A) The weekly revenue would be the number of tickets sold in a week times the price per ticket: (900/week)*($14/ticket) = $12,600/week
B) One can find a linear equation either by graphing a few points and finding the slope and y-intercept from the graph, or deduce both from a few data points taken from the same table. Make a table with a few points calculated from the knowledge that 60 fewer tickets are sold each week (q) when the price (x) increases by $0.50/ticket:
We can take any two points and calculate the slope, m. I'll pick (14,900) and (15,780). The slope is the "rise over the run," or change in the y axis (q) per a change on the x axis. Rise = (780-900) = -120. Run is (15-14)=1, therefore Rise/Run = -120. The slope, m, is -120. [Doesn't sound good, but that's business when you raise prices]. The linear equation, q = mx + b, is now q = -120x + b. We need to find b, the y-intercept. Do that by entwering any of the data points and solve for b. I'll use (14,900):
q = -120x + b
900 = -120*(14) + b
900=-1680 + b
b = 2580 [This is saying that 2580 tickets will be "sold" when the price is zero. Silly, but that is math]
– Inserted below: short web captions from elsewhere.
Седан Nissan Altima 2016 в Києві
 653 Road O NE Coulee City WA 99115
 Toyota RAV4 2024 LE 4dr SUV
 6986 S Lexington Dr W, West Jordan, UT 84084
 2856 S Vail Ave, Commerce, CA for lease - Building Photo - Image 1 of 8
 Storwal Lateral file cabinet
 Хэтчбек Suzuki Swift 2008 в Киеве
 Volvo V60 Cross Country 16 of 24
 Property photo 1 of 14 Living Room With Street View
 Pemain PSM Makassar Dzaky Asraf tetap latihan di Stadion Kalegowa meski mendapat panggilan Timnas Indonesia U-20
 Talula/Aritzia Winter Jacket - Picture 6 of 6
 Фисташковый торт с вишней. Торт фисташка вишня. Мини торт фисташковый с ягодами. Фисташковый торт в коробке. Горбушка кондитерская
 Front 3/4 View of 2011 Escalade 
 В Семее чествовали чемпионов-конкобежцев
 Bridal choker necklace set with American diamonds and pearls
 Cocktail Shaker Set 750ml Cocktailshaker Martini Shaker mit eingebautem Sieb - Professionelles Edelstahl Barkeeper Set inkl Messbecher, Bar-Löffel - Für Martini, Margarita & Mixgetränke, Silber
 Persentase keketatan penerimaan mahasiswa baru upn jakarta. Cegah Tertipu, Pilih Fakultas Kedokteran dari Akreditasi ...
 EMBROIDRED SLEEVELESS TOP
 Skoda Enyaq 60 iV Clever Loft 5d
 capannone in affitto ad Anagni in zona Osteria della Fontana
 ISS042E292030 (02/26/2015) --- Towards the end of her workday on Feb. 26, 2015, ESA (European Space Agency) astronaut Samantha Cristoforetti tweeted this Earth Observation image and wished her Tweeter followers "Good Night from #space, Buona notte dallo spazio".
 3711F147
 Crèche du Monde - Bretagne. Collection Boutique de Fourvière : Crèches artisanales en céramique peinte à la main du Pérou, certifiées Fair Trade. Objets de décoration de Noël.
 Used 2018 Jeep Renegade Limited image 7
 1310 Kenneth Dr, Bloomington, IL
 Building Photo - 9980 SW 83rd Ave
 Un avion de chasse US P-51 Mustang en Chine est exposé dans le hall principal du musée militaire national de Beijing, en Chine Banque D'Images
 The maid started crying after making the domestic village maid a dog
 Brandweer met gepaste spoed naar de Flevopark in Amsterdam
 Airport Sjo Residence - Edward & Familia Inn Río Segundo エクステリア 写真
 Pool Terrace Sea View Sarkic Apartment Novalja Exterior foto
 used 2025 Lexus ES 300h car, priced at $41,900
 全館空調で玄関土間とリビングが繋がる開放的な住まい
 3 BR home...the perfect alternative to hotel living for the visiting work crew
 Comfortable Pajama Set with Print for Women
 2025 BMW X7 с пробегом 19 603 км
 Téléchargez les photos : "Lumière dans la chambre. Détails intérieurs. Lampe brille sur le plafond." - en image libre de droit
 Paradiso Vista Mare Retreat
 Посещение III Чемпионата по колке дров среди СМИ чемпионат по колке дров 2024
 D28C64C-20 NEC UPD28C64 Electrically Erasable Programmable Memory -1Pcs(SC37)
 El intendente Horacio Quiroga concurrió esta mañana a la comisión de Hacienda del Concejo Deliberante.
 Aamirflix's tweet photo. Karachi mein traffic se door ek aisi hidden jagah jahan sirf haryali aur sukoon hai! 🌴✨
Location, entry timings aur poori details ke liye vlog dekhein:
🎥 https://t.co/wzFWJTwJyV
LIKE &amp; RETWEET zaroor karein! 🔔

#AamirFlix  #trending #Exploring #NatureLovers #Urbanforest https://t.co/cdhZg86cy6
So the full equation becomes q=-120x + 2580
You can also do this by graphing a few of the points in the list and finding the data for slope and y-intercept from the graph.
C)
We now want the total revenue as a function of ticket price. Total revenue, R, would be the tickets sold per week times the price per ticket. Use the linear equation above for q.
Total revenue(R) = q*x
R = (-120x + 2580)*(x)
R = -120x2 + 2580x
We can plot this parabola and find the vertex, os we can take the first ferivative and set it equal to zero, the slope at the vertex. I'll try the first derivation:
R = -120x2 + 2580x
R' = -240x + 2580
0 = -240x + 2580
x = 10.75
The slope of the equation at 10.75 is zero, so this is the point that the "premium" movie theater will maximize profit. At $10.75/ticket, total revenue would be $13,867.5/week. [Not counting popcorn]
The question wants the number of tickets sold at this price, so use the linear equation we first developed:
q=-120x + 2580
q = -120(10.75)+2580
q = 1290 tickets/week
Bob